Anytime we talk about hard winter weather or my dad sees an intense storm rolling in, there is a little shudder that rolls down his spine that takes him back to a particular winter that, for him, has never been topped.  To this day, he lays awake at night when he hears the wind howling on a cold winter calving night as those memories come creeping right back in.

My dad always starts the story at the Montana Winter Fair held in Bozeman in January 1989.  The fair is held in the quiet of January to celebrate “Montana’s world-class agricultural production and enviable western way of life” before the busy calving season begins.  As they had done in the past, my dad and brothers had taken a few bulls to show in the livestock contest to do a little marketing and networking.  Over the few days of the fair, the buzz of a big winter storm moving in from the north was all anyone could talk about.  

It wasn’t like it is today with everyone on social media sharing the pending storm or the weatherman dissecting the storm in a million different ways, with all sorts of charts and graphs and maps to illustrate the severity of the storm.  They knew there was a storm coming but had no idea it would be as devastating as it would turn out to be.  Slowly, stories started trickling in from the various northern ranchers.  They were talking of plummeting temperatures, easily dropping 50-60 degrees in an hour and accompanied by snow and gusting winds.  

Knowing that there was work to be done on the ranch, dad and the boys left the fair before it was over and began the long drive home.  Dad vividly remembers following the painted yellow dashes as he drove down the middle of the freeway because it was really the only way to know where the road was with all the snow coming down.  As they drove the last 30 miles, they were the only vehicle as the roads had been closed ahead and behind them.  They got home in the early evening, checked to make sure everything was ok and then settled in for the night, not knowing the hell that was about to break loose the next day.

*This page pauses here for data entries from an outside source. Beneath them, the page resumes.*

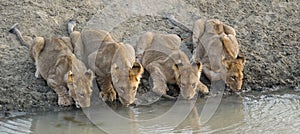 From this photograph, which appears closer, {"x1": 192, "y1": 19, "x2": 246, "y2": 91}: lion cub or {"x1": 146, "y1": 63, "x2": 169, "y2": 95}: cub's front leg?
{"x1": 146, "y1": 63, "x2": 169, "y2": 95}: cub's front leg

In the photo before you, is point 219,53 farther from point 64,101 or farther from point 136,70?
point 64,101

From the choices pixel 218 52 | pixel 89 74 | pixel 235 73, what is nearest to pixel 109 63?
pixel 89 74

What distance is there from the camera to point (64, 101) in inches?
358

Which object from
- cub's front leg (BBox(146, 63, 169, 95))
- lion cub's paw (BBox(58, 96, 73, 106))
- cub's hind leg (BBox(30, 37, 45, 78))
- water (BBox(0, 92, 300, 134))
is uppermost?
cub's hind leg (BBox(30, 37, 45, 78))

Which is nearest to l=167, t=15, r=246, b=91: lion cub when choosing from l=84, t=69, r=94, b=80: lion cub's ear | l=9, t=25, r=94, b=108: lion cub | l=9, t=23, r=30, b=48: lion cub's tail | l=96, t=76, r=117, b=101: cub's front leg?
l=96, t=76, r=117, b=101: cub's front leg

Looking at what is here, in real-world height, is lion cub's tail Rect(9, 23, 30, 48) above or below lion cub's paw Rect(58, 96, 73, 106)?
above

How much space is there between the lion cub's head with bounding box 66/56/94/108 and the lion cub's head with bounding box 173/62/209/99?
116cm

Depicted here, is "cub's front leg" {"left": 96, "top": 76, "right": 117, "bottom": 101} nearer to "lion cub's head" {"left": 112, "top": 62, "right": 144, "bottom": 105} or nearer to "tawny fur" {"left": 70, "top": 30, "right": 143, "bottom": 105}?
"tawny fur" {"left": 70, "top": 30, "right": 143, "bottom": 105}

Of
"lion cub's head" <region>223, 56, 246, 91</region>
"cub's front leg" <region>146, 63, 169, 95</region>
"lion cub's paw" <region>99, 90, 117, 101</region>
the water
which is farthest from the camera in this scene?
"lion cub's head" <region>223, 56, 246, 91</region>

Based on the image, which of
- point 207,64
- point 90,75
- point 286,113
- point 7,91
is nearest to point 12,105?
point 7,91

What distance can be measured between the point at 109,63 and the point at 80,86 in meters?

Dad’s first priority the next morning was to get the herd moved down into the willows where they would have more protection.  Unfortunately, those stubborn cows would not move.  They tried everything from chasing them on horseback and 4 wheelers to luring them with the feed truck but nothing worked.  Trying to do the next best thing, dad had the guys feed the herd below the haystack where they could get some sort of windbreak.  Not having an enclosed tractor back then, they would feed for a bit and then go warm up in the truck and then head back out to feed some more.

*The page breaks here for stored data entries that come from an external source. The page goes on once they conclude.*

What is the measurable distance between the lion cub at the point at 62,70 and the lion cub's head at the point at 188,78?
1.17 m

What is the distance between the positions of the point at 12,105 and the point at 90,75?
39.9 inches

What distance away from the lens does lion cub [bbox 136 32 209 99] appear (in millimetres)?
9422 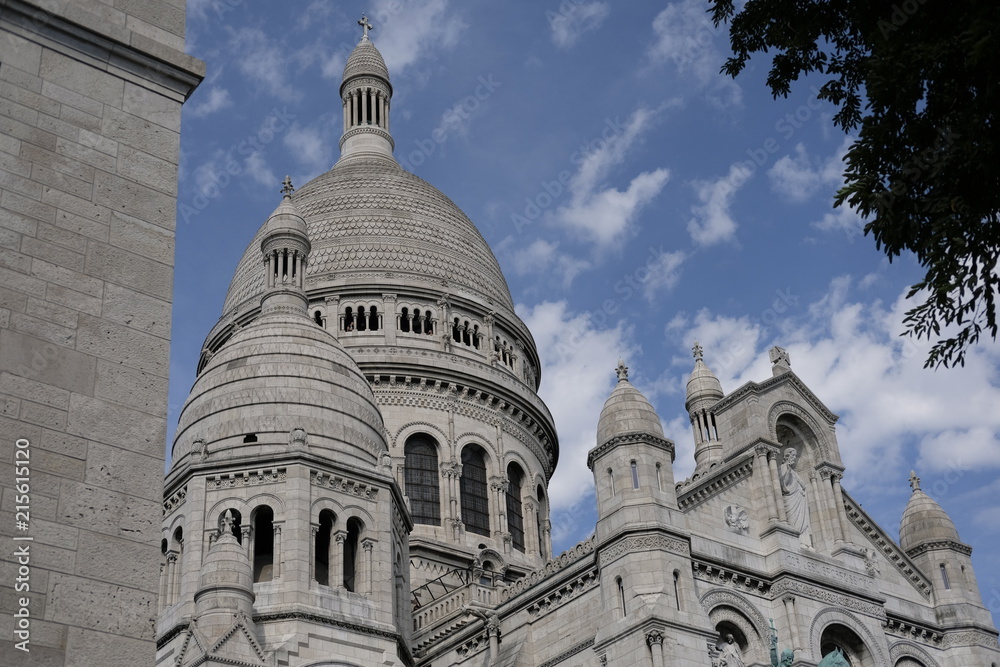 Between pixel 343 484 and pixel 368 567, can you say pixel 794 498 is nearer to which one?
pixel 368 567

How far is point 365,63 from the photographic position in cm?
6400

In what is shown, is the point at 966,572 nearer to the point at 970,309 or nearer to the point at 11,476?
the point at 970,309

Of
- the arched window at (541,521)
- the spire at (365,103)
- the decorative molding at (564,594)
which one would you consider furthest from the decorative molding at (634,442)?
the spire at (365,103)

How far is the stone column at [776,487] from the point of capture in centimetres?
3384

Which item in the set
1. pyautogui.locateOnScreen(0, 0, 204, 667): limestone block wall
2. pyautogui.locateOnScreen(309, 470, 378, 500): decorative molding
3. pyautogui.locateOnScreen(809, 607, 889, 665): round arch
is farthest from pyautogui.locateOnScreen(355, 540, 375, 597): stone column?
pyautogui.locateOnScreen(0, 0, 204, 667): limestone block wall

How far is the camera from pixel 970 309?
12.2 m

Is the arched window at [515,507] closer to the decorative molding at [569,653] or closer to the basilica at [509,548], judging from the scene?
the basilica at [509,548]

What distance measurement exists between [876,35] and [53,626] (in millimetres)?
9335

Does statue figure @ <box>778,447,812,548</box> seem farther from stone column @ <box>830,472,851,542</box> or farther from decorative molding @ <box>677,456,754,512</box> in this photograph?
decorative molding @ <box>677,456,754,512</box>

As the day wore on, the temperatures continued to drop and winds picked up.  They were hearing devastating stories of pipes carrying water from the hot springs freezing over, church and school boilers freezing, and even a train careening off its tracks as it barrelled into Helena because the brakes had frozen over.  They had even heard of some ranchers taking their prize winning bulls home from the fair and finding them frozen dead in their trailers when they got home. The winds in some places were approaching 100 miles an hour, peeling roofs off and blowing trains off the tracks.  The front that was settling in would be nothing short of insane.  Heading in the house that first night, dad remembers trying to get Tigger, his loyal ranch dog, to come in the house and out of the cold, something he normally refused to do.  Tigger gave him one last look, turned back, and ran off and was never seen again.

For days the cold and wind kept on and it was all dad could do to keep the cows warm, fed, and the water open.   When there was a small break in the wind, they were finally able to move the herd to a more protected area.  My brothers talk about how when they headed out, they opted to ride their horses bareback in order to take advantage of the heat coming off their mount’s back.  Despite everything they were doing, day after day they would find cows with frozen ears, bobbed tails and even frozen teats.  

Eventually, the harsh weather let up but just as soon as the temperatures rebounded from the brutal cold front, a second storm, nearly just as bad, came through.  And then, like some awful sort of deja vu, a third storm came through just a couple of weeks later.

At this stage, it wasn’t just grown cows they were trying to keep warm.  The herd had begun calving when the latter storms rolled through, adding an even greater challenge.  It almost seemed impossible to keep a newborn calf from freezing to the ground before he had a chance. The heavy cows, those ready to calve any day, were kept close to the house so they could keep a constant watch over them and give those new babies the best fighting chance they could.  

With the series of storms, their fierce temperatures and blustering winds, my dad recalls weeks on end of coming in for the night knowing two hard truths.  First, that he had done all he could do that day.  He was physically, mentally and emotionally exhausted as he spent every waking hour working and worrying to keep the animals alive.  The second hard truth was that he knew his efforts still wouldn’t be enough for some.  That despite all the work, there would still be calves that would die from the cold and that some cows just couldn’t keep warm.  And that every morning would inevitably bring the answer to the question of just how bad the night was.

Of course the cold eventually let up and they learned to move on from the losses they had, but the memories and experiences of those brutally hard days are still as clear and as real as the day they happened.  I don’t share these stories asking for a pity party or a woe-is-me kind of moment.  I share these stories so people can understand just what it takes for farmers and ranches around the country to raise the very vital livestock and crops for families around the world.  We all have our hard days, where all we can do is keep putting out a little feed, keep bringing in the cold calves and keep giving our all when we know it probably won’t be enough.  We keep doing it because giving up just isn’t an option.